**Input material**

Content starts

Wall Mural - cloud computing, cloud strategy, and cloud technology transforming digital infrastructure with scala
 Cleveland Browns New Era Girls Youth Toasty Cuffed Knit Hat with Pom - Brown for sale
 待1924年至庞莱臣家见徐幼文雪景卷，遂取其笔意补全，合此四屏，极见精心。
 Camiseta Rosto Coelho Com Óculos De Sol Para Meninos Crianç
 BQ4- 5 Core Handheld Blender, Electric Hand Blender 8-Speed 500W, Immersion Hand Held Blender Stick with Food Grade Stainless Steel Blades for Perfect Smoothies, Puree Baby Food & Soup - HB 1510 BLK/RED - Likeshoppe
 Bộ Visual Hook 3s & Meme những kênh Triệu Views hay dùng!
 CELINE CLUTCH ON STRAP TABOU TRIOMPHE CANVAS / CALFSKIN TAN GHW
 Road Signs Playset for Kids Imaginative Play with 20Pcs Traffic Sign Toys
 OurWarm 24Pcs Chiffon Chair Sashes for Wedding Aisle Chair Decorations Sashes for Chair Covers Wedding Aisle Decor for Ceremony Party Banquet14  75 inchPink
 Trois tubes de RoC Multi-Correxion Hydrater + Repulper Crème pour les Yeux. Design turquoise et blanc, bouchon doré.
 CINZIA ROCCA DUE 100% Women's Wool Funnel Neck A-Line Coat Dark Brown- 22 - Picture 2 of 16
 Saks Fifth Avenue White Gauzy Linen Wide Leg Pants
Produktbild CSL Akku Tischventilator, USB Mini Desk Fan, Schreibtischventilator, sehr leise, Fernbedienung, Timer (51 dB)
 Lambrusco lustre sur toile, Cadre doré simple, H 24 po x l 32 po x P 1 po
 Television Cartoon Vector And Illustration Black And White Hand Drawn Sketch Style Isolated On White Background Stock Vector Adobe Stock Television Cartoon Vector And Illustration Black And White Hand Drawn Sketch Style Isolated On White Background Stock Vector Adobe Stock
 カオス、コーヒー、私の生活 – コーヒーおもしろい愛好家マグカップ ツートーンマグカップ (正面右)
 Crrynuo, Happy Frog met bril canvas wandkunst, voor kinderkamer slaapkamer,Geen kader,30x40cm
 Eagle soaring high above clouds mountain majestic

Content ends

**Assignment**
Only the lines from the one that contains "Road Signs Playset" to the end of the data should be output, exactly as they appear.

**Completed exercise**
 Road Signs Playset for Kids Imaginative Play with 20Pcs Traffic Sign Toys
 OurWarm 24Pcs Chiffon Chair Sashes for Wedding Aisle Chair Decorations Sashes for Chair Covers Wedding Aisle Decor for Ceremony Party Banquet14  75 inchPink
 Trois tubes de RoC Multi-Correxion Hydrater + Repulper Crème pour les Yeux. Design turquoise et blanc, bouchon doré.
 CINZIA ROCCA DUE 100% Women's Wool Funnel Neck A-Line Coat Dark Brown- 22 - Picture 2 of 16
 Saks Fifth Avenue White Gauzy Linen Wide Leg Pants
Produktbild CSL Akku Tischventilator, USB Mini Desk Fan, Schreibtischventilator, sehr leise, Fernbedienung, Timer (51 dB)
 Lambrusco lustre sur toile, Cadre doré simple, H 24 po x l 32 po x P 1 po
 Television Cartoon Vector And Illustration Black And White Hand Drawn Sketch Style Isolated On White Background Stock Vector Adobe Stock Television Cartoon Vector And Illustration Black And White Hand Drawn Sketch Style Isolated On White Background Stock Vector Adobe Stock
 カオス、コーヒー、私の生活 – コーヒーおもしろい愛好家マグカップ ツートーンマグカップ (正面右)
 Crrynuo, Happy Frog met bril canvas wandkunst, voor kinderkamer slaapkamer,Geen kader,30x40cm
 Eagle soaring high above clouds mountain majestic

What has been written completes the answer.